Extracted information
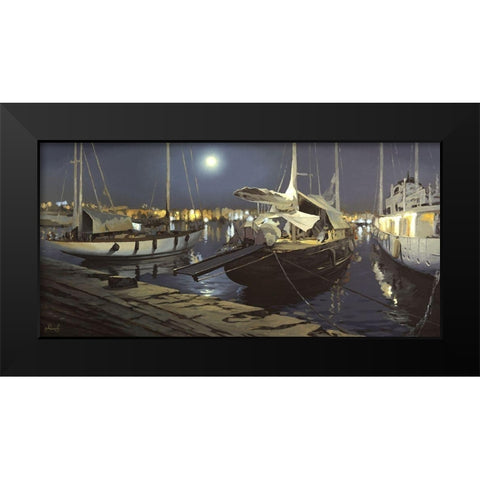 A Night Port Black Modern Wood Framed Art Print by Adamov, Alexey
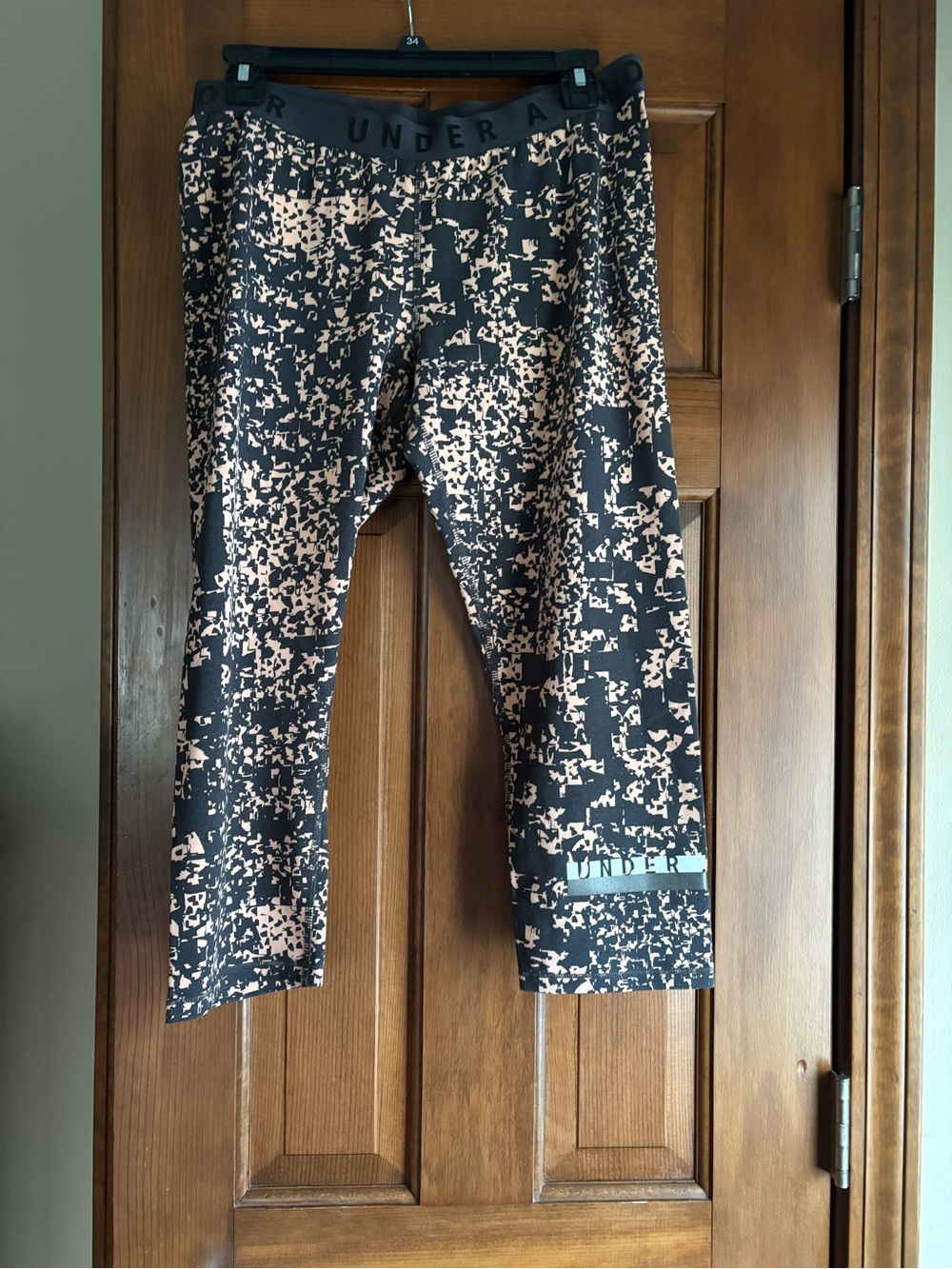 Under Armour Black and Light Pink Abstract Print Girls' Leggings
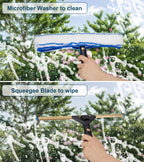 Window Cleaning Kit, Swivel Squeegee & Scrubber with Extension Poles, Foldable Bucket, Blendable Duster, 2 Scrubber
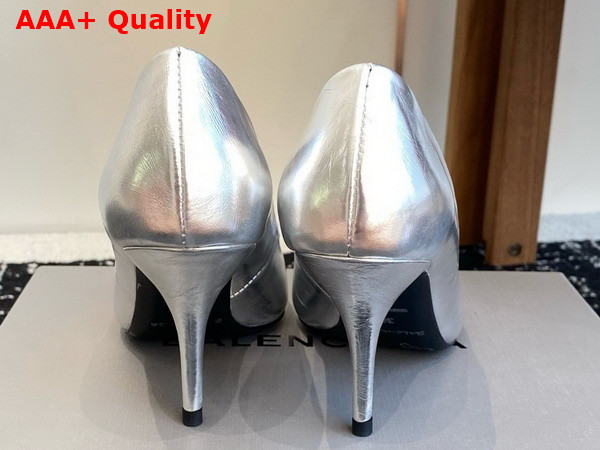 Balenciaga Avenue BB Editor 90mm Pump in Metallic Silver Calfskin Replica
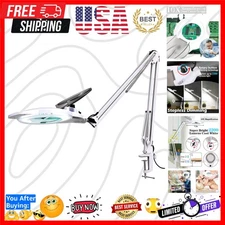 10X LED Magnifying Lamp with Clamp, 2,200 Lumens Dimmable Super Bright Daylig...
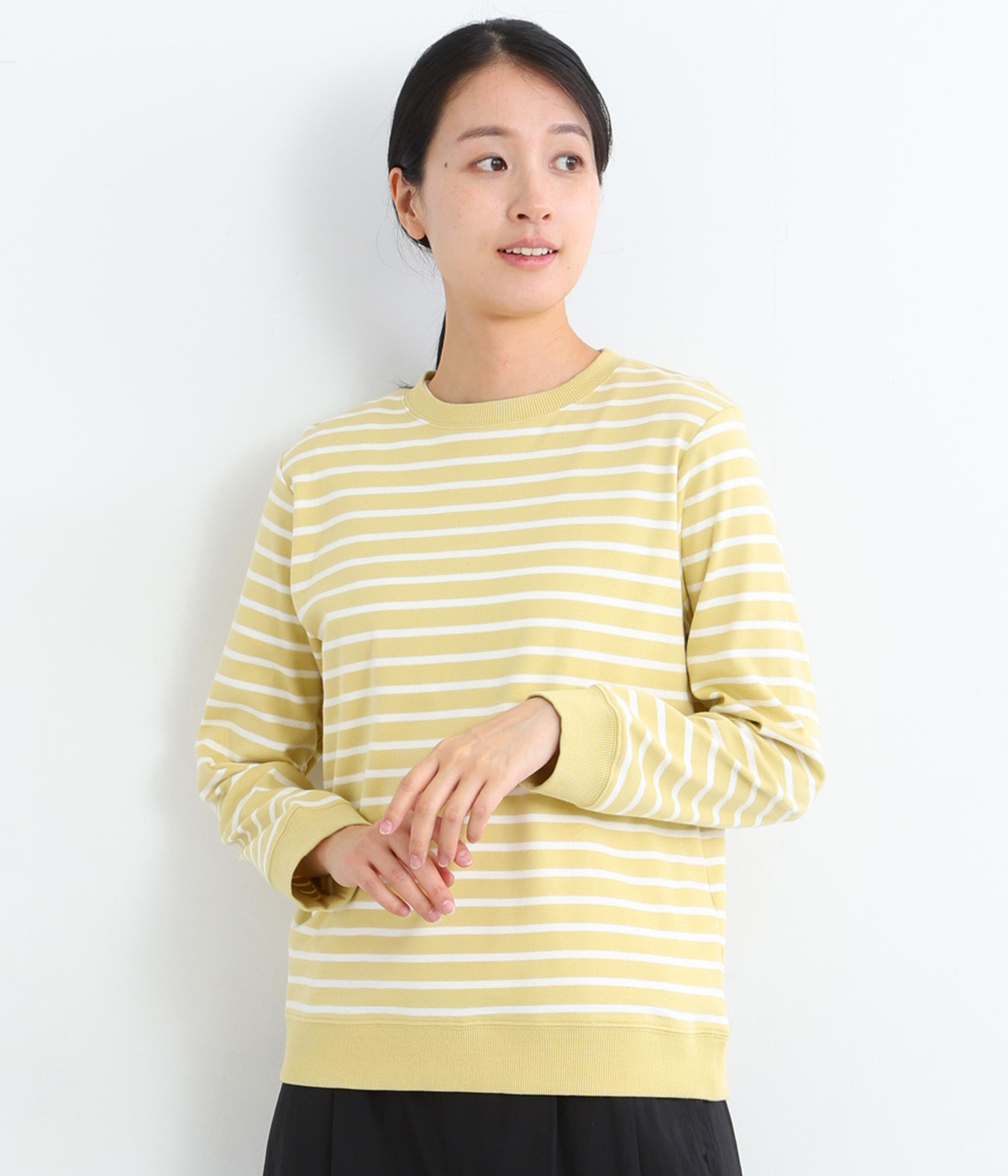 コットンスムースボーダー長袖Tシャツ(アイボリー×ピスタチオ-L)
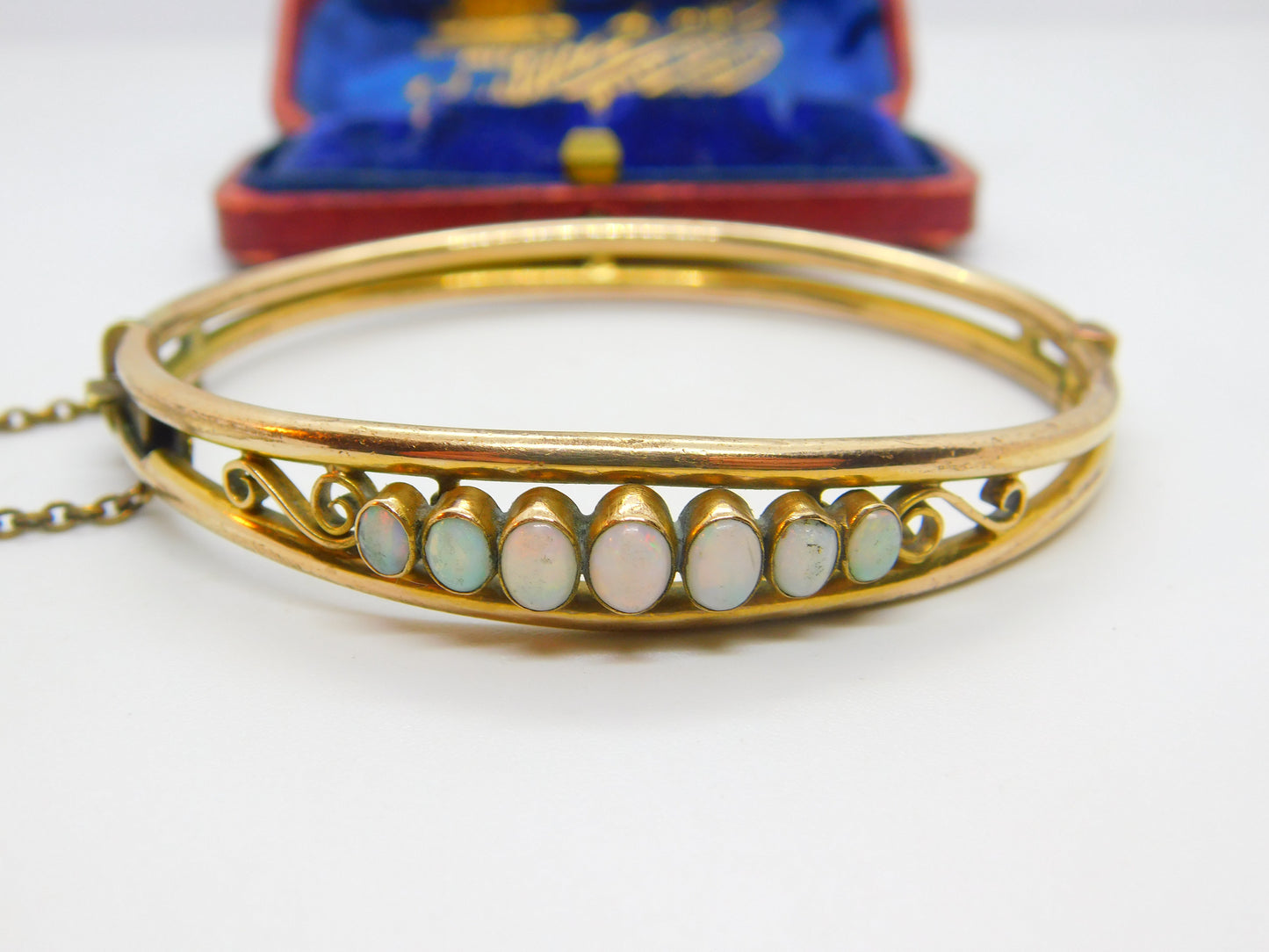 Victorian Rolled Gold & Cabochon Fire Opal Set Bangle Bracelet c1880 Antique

Problem description
Starting with the first line of the records above and stopping after the line containing "Balenciaga Avenue BB", repeat every line exactly and leave out the pictures.

Solution to the problem
 A Night Port Black Modern Wood Framed Art Print by Adamov, Alexey
 Under Armour Black and Light Pink Abstract Print Girls' Leggings
 Window Cleaning Kit, Swivel Squeegee & Scrubber with Extension Poles, Foldable Bucket, Blendable Duster, 2 Scrubber
 Balenciaga Avenue BB Editor 90mm Pump in Metallic Silver Calfskin Replica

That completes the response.